▸ **Stored data**:
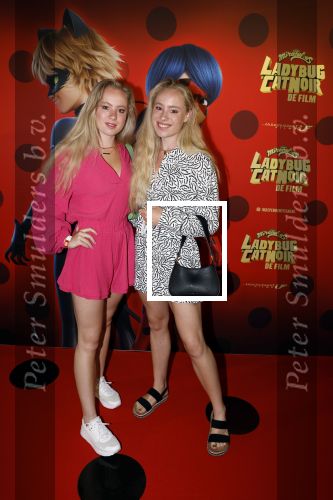 Amsterdam 25 juni 2023
Premiere Ladybug Catnoir in Pathe Arena.
Rosanne  Waalewijn en Mylene Waalewijn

▸ **Work to complete**: For the lines from the one containing "Premiere Ladybug Catnoir in Pathe Arena." through the end of the listing above, output each exactly and leave out the rest.

▸ **Task result**:
Premiere Ladybug Catnoir in Pathe Arena.
Rosanne  Waalewijn en Mylene Waalewijn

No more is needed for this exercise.